Thanks Ziesemer. I noticed when I alert(search_array) from my code above it shows the JSON string, but when I alert(search_array) from your example, it shows [object Object],[object Object],[object Object]. alert(JSON.stringify) returns function stringify() { [native code] } as expected, as does alert(JSON.parse). Any ideas?
I just tried alert(search_array[0]) from mine and it is treating search_array like a string. i.e. search_array[0] = '[', 1 is '{', 2 is '"', 3 is 'f', and so on.
@haxor - Please output and provide an actual example of what you're seeing in your read string. Clearly, something isn't right here. Showing all of the [object Object] just means that your browser doesn't have the best toString implementation on Array, but everything is still as expected.
I figured it out, and it's strange.
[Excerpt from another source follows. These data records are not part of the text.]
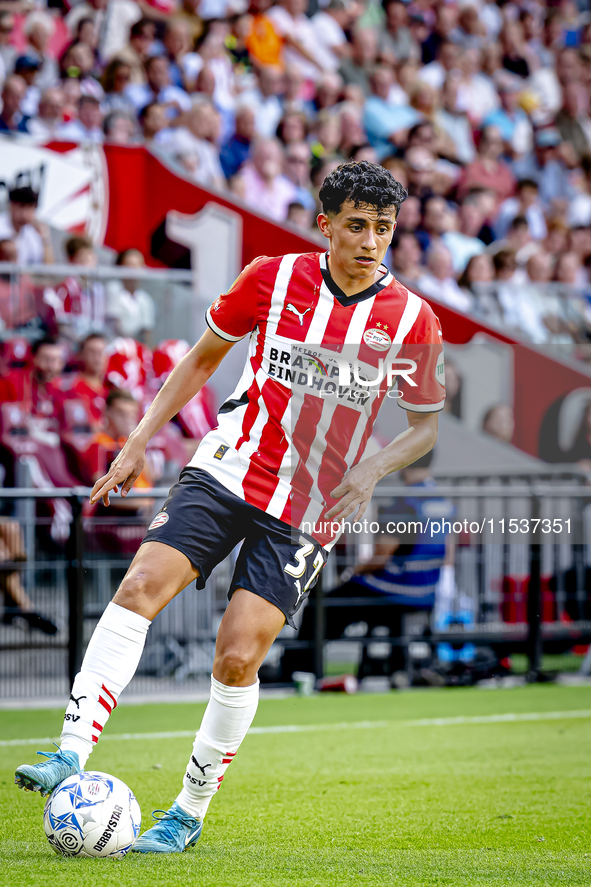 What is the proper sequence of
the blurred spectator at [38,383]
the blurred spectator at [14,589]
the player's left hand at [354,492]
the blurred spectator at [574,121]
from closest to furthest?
the player's left hand at [354,492] → the blurred spectator at [14,589] → the blurred spectator at [38,383] → the blurred spectator at [574,121]

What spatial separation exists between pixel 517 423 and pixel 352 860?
831cm

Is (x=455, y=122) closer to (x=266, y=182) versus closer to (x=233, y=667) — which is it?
(x=266, y=182)

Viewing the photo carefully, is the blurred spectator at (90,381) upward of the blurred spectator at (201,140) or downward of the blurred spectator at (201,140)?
downward

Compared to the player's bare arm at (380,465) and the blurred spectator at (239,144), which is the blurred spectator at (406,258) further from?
the player's bare arm at (380,465)

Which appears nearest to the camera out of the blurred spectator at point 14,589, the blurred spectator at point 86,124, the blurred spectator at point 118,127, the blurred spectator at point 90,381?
the blurred spectator at point 14,589

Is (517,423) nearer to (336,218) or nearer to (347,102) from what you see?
(347,102)

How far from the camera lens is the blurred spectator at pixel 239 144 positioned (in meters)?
13.0

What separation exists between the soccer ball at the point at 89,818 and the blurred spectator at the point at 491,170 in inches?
497

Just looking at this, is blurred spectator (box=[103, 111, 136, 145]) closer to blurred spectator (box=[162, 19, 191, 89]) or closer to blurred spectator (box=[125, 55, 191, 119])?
blurred spectator (box=[125, 55, 191, 119])

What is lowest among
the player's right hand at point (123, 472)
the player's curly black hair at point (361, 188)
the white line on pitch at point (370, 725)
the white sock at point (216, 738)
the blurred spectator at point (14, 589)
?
the white line on pitch at point (370, 725)

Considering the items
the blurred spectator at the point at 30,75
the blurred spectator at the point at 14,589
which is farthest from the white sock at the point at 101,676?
the blurred spectator at the point at 30,75

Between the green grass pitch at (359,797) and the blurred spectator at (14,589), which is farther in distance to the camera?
the blurred spectator at (14,589)

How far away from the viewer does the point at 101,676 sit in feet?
12.3

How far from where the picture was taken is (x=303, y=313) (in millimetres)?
4215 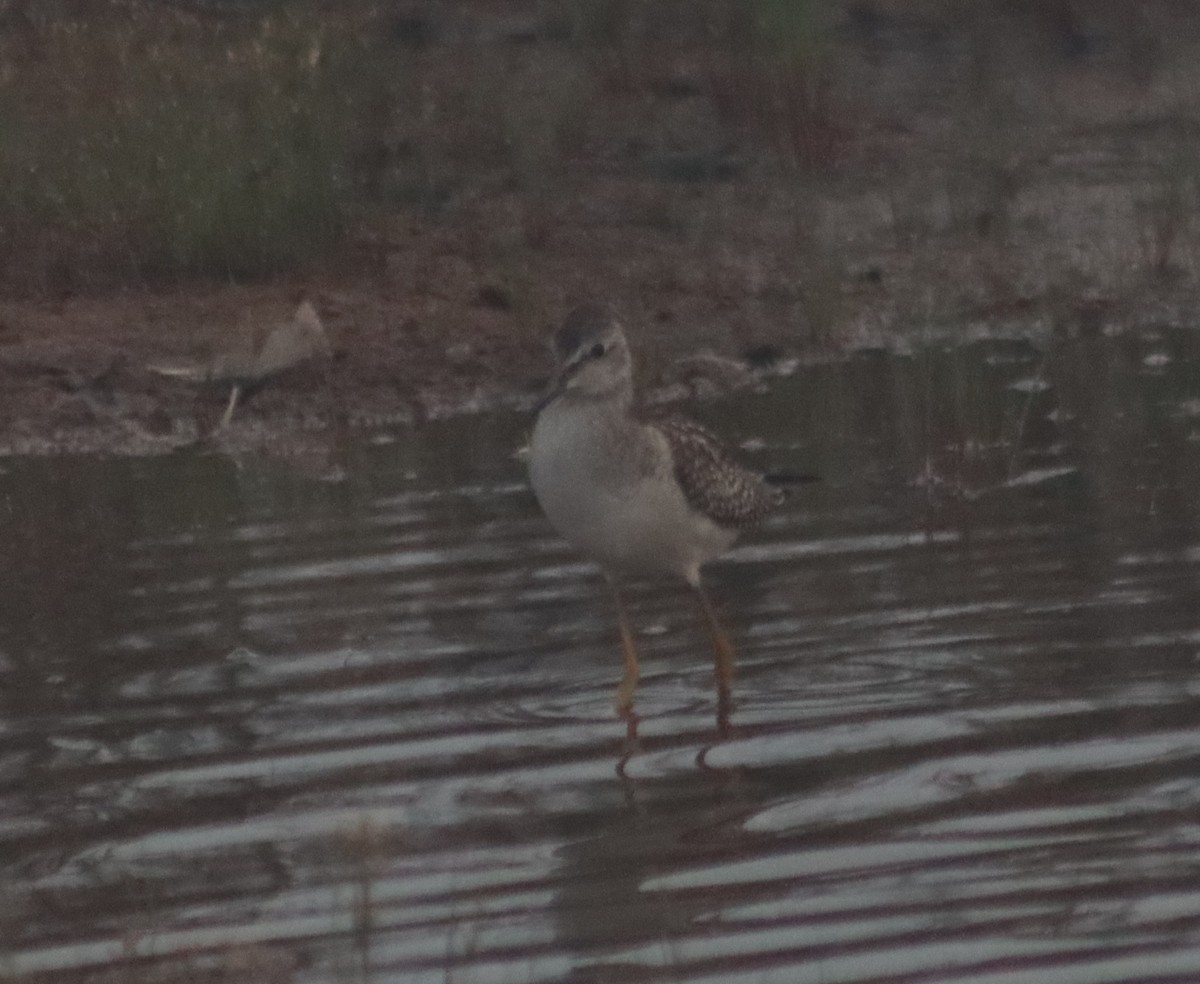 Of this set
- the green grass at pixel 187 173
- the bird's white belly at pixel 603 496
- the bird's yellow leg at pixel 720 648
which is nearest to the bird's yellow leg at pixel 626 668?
the bird's white belly at pixel 603 496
I had to JSON.parse(JSON.parse(...)) my variable for some reason. When I call into my local_storage_persist_object (which is a localStorage.setItem wrapper), I'm performing a JSON.stringify on its val. I'm wondering if localStorage.getItem doesn't automatically perform a JSON.parse. Any idea? FWIW the first time I perform a JSON.parse and the second time I perform a JSON.parse, the values are the same, but in the first case the quotes are escaped, whereas they are not in the second.
@haxor - I think I'd need to see your complete code to understand - but I'm glad you figured it out.